Certainly, China has already demonstrated a shrewd ability to navigate the fall-out of tariffs, using the tools in its monetary policy box to ease their effects and still achieve growth. More Chinese domestic deleveraging would be inevitable in the event of further tariffs, but this would probably just offset the restraint that tariffs exert on growth, not remove the uncertainty that has already roiled in the markets for months.
The prospect of additional uncertainty has already made its mark. Chinese stock markets have reacted negatively to the threat of higher tariffs, with the Shanghai Composite initially falling by 5.6%.
Stock markets in the US, meanwhile, initially responded in a far less dramatic manner, dipping by around 0.5% on May 6.
That may in part be because Chinese imports represent around 2.5% of US GDP and the stakes were perceived to be lower. But the rout accelerated on May 7, with the Dow more than 500 points lower, and industrial and technology stocks especially badly hit, due to their reliance on the global trade in materials and finished goods.
The goods subject to the new 25% tariff rate would include a wide variety of products that require metals, used for key components in the automotive, technology, aerospace and transportation sectors.

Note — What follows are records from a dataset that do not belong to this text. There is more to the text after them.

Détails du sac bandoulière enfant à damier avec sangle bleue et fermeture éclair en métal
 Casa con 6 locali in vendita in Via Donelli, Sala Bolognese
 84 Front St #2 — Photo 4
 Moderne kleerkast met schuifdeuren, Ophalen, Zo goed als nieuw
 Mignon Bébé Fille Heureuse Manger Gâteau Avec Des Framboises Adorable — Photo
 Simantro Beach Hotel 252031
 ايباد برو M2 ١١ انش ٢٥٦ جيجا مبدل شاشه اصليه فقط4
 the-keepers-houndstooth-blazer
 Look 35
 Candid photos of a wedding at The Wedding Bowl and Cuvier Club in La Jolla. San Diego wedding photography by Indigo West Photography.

Carmakers – which have already been hit by separate US tariffs on imports of aluminium and steel – have spent years targeting China for sales, and have been forced to raise prices to compensate for retaliatory tariffs imposed on the US last year.
The three-month price of nickel on the London Metal Exchange - often viewed as a proxy for Chinese sentiment due to its use in stainless steel - dipped to a low of $11,990 per tonne on May 7, its first move below $12,000 per tonne since January 28.
Agricultural commodities such as soybeans, corn, dairy and pork have similarly been targets of China’s retaliatory tariffs, leading the US government to create an emergency aid package to help farmers, who form a critical portion of the president’s voting base.
While it was not clear exactly why tensions have suddenly been ratcheted up, US Trade Representative Robert Lighthizer and Treasury Secretary Steven Mnuchin said that China has backtracked on commitments it had made when the talks progressed.
The sticking point seemed to concern intellectual property theft, with China resisting US demands for legal changes to address this issue and disagreeing over the enforcement mechanism that would be attached.
China’s chief trade negotiator and vice premier, Liu He, nonetheless will still meet for talks in Washington, suggesting that backroom negotiations were continuing and that an 11th-hour deal was possible.
Yet the threat of a tariff rise as early as May 10 leaves little time for thrashing out the details of a deal that would suit all sides. Moreover, Chinese Premier Xi Jinping will want to manage domestic perceptions and would therefore be unlikely to capitulate to US demands and appear to surrender in a show of apparent weakness.
It is already a sensitive week for Xi, with the chief financial officer of technology company Huawei, Meng Wanzhou, facing a court hearing in Canada on May 8 that could end in her extradition to the US on charges of wire fraud, bank fraud and conspiracy.
It is entirely possible that China may have predicted the threat of higher tariffs and has already prepared series of concessions that would allow a resolution to the talks this week. It is also possible that it did not do so, and is willing to dig in and take a longer-term stance.
In other words, the only thing that is clear is that the uncertainty that last year weighed on Chinese growth and gripped the financial markets, including perceived risky assets such as commodities, is now back with a vengeance.